The Hubert test has been applied in the anthropological literature in two partially incompatible ways. As applied by Konigsberg (1990) Konigsberg:1990, following Hubert (1985) Hubert:1985, the vector of temporal ranks is centered on zero (i.e., the values are ... -2, -1, 0, 1, 2 ...). But as applied by Leigh (1992) Leigh:1992 and Elton et al (2001) Elton:2001, the temporal ranks are simple ordinal ranks (i.e., 1, 2, 3, ...). These two alternatives are mathematically equivalent for performing a one-tailed test. But while the first alternative (zero-centered ranks) readily admits a two-tailed test, the second alternative requires a bit more algorithmic complexity for a two-tailed test. Elton et al (2001) Elton:2001 and Leigh (1992) Leigh:1992 did not report whether their tests are one- or two-tailed; following the procedures they described will result in a one-tailed test. Wood et al. (1994) Wood:stasis:1994 also applied the Hubert test to test for trends in dental characters of A. boisei, citing Leigh (1992) Leigh:1992; these authors also did not specify whether they performed one-tailed or two-tailed tests. Lockwood (2000) Lockwood:2000 employed the Hubert test (there called the Γ statistic), and explicitly described a two-tailed approach. One-tailed tests ignore the strength of any negative associations in the permuted samples, and therefore lead to incorrect assessments of statistical significance. The current study applies only two-tailed tests of the null hypothesis of no trend.

Test 1: Lower estimate for KNM-WT 17400

Falk et al (2000) Falk:2000 argued that smaller estimates are more accurate for several robust australopithecine specimens, and the smaller estimates were generally used by Elton et al (2001) Elton:2001. One exception is KNM-WT 17400, for which Elton et al (2001) Elton:2001 used the highest estimate of 500 ml Brown:1993, even though both Holloway (1988) Holloway:robust:1988 and Falk et al (2000) Falk:2000 adopted much lower estimates, between 390 and 400 ml. This smaller estimate would make KNM-WT 17400 the smallest member of the sample. A small size for this specimen at the center of the species' time range increases overall sample variability and decreases the relative contribution of early specimens to that variability. This makes KNM-WT 17400 very important to any test of a trend.

As a preliminary step, I recalculated Spearman's ρ and the Hubert test statistic Γ for the sample of Elton et al (2001) Elton:2001, using the smaller 390 ml estimate for KNM-WT 17400. This replicates the methods of that study, except for the change in size of the single KNM-WT 17400 specimen.

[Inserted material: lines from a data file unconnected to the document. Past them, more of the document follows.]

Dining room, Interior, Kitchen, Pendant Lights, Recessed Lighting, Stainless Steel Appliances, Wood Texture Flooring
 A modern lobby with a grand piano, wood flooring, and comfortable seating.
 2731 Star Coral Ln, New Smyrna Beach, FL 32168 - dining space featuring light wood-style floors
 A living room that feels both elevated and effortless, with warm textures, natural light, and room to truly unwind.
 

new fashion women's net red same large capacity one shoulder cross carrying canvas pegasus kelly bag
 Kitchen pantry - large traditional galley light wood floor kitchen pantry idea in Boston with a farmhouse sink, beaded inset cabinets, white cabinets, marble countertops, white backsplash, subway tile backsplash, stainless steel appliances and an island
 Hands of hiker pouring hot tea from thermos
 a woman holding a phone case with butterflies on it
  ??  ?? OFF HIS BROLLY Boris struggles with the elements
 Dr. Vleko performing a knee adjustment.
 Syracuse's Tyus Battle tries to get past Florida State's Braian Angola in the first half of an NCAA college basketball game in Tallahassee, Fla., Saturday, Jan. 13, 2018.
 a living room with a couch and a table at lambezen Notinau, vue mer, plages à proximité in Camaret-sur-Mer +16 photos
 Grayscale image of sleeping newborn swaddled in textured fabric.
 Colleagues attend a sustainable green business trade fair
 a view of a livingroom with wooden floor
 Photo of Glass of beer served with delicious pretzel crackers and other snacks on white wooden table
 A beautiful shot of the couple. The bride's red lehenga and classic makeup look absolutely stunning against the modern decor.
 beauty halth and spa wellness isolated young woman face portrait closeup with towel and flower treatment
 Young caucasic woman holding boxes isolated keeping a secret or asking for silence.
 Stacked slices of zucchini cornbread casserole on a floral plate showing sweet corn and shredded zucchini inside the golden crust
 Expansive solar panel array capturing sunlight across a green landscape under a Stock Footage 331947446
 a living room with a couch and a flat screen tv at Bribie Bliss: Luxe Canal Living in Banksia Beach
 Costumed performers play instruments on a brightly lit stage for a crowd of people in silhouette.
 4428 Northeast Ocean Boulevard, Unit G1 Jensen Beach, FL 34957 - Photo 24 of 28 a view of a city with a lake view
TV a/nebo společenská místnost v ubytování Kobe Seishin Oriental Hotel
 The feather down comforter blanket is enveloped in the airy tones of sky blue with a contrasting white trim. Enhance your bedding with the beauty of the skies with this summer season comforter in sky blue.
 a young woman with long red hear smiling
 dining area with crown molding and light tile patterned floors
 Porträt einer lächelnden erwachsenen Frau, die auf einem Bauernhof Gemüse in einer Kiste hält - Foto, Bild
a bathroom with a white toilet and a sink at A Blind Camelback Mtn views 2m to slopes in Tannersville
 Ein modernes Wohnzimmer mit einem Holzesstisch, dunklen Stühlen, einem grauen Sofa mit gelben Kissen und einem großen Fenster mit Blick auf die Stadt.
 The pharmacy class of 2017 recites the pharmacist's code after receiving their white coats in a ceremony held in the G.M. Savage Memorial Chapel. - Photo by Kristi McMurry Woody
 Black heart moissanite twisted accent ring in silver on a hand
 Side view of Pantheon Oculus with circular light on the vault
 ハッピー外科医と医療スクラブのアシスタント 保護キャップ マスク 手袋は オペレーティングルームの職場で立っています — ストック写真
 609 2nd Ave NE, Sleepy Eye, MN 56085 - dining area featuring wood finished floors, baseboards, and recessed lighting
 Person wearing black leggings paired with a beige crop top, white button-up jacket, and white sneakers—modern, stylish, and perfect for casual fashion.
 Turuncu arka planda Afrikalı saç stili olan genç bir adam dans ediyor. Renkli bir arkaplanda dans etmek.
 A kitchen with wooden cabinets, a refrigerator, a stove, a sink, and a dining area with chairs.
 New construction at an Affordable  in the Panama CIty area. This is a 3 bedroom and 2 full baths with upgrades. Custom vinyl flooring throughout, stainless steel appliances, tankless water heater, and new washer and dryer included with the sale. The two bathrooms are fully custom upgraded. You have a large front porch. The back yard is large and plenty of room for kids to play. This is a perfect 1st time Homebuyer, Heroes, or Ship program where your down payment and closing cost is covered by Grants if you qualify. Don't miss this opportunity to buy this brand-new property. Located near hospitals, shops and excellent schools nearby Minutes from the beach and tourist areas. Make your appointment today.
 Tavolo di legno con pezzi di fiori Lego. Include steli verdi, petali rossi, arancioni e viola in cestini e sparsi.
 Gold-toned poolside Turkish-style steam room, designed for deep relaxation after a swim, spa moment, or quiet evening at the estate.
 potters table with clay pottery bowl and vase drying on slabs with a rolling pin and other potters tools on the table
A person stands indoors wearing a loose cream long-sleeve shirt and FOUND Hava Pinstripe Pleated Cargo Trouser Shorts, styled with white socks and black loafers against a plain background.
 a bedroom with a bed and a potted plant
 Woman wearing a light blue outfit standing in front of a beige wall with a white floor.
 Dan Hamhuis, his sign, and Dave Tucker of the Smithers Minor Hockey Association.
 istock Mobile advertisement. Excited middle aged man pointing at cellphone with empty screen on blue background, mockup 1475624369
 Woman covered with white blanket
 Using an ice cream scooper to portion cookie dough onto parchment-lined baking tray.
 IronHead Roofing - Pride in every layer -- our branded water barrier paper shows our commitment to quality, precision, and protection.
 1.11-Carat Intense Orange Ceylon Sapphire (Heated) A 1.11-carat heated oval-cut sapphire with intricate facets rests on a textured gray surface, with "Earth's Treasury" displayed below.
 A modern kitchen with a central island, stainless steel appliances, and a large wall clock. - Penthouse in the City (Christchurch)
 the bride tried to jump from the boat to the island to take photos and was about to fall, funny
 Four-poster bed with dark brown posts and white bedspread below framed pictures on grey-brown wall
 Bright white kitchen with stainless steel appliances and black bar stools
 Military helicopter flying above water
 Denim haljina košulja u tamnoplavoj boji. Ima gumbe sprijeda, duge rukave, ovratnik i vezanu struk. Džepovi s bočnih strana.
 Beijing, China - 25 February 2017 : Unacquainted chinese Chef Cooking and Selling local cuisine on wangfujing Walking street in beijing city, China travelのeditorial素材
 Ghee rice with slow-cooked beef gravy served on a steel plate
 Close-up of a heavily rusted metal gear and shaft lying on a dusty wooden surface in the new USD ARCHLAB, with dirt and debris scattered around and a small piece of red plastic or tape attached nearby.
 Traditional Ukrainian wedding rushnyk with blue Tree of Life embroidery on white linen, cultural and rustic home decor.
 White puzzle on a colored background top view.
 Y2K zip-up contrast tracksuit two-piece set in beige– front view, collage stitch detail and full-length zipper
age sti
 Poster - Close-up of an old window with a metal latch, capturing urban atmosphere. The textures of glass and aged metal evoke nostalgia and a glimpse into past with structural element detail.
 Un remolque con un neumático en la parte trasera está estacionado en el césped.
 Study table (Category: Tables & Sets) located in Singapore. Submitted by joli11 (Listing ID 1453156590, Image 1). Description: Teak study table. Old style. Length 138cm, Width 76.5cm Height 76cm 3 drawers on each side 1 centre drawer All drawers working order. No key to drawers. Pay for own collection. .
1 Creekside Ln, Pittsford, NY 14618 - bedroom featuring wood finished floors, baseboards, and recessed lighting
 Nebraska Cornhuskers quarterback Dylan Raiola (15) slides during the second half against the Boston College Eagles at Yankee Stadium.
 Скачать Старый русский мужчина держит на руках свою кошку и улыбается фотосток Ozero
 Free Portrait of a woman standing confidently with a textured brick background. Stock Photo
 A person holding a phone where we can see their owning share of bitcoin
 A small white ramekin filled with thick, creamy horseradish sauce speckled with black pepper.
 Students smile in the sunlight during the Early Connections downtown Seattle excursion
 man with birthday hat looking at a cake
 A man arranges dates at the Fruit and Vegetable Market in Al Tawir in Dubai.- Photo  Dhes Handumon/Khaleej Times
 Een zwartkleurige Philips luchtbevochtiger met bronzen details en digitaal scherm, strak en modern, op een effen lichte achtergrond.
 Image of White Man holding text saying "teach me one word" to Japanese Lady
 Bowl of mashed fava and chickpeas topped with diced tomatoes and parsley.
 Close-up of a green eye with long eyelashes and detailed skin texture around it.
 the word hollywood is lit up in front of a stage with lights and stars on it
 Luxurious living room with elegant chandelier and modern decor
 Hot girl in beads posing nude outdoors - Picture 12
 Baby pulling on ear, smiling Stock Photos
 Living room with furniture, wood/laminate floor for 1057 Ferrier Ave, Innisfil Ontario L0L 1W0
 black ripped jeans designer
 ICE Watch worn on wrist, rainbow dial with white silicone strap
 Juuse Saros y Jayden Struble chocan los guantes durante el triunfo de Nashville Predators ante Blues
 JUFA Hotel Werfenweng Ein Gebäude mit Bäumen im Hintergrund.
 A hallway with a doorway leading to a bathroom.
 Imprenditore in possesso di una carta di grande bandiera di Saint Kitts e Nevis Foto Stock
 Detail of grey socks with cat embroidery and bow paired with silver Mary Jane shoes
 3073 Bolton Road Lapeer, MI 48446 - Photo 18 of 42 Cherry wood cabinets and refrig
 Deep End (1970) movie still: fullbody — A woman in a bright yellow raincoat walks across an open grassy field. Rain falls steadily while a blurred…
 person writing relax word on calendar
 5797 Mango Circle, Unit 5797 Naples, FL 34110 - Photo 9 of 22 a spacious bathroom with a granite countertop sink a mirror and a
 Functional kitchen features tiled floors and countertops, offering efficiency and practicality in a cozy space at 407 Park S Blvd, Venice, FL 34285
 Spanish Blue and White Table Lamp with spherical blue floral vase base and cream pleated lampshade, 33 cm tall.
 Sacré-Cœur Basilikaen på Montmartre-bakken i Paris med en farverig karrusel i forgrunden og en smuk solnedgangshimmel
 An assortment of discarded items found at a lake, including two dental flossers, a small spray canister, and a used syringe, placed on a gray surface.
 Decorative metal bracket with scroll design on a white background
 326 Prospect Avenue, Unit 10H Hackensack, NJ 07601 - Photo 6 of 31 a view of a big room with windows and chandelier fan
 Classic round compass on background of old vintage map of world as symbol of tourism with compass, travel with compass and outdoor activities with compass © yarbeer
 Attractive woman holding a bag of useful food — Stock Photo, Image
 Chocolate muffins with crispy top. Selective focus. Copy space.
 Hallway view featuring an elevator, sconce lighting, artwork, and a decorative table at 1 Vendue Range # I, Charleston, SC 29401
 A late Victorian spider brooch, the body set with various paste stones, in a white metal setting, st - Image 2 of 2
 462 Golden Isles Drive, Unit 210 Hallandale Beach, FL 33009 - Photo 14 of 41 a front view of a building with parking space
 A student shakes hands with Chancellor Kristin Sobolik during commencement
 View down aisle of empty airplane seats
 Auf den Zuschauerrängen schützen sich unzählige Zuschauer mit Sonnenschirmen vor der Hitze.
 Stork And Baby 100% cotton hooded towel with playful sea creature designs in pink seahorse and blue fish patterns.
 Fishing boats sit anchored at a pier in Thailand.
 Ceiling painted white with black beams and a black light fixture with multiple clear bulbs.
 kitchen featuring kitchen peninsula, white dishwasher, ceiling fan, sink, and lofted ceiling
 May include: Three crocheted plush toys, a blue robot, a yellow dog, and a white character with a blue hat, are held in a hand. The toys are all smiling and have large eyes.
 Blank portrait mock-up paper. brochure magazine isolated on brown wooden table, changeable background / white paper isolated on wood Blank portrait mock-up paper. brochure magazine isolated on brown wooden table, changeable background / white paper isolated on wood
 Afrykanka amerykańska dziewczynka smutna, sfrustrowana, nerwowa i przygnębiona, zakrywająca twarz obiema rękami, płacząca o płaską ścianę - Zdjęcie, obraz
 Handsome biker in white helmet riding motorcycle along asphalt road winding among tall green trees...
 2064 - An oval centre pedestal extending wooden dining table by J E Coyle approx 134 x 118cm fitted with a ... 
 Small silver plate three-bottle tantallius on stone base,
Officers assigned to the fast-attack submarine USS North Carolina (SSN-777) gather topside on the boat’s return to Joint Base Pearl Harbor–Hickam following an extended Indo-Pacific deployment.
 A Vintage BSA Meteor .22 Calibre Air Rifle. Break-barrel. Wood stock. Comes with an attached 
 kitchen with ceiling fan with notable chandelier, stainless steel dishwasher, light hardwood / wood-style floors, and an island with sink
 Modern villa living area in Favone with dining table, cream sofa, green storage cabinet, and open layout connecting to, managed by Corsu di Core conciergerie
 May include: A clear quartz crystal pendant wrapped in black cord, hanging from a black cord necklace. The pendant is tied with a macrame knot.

Test 2: Model-based simulation values

A difficulty of the A. boisei sample is the non-independence of estimates. Less complete specimens have been reconstructed using explicit information from more complete endocasts, chiefly Sts 5 and OH 5. The sample should therefore have reduced variation compared to a sample of intact crania. A reduced variance may increase the chance that a null hypothesis of stasis will be falsely rejected. This is a context in which randomization tests are potentially invalid: they do not assume a statistical distribution, but they do assume independence.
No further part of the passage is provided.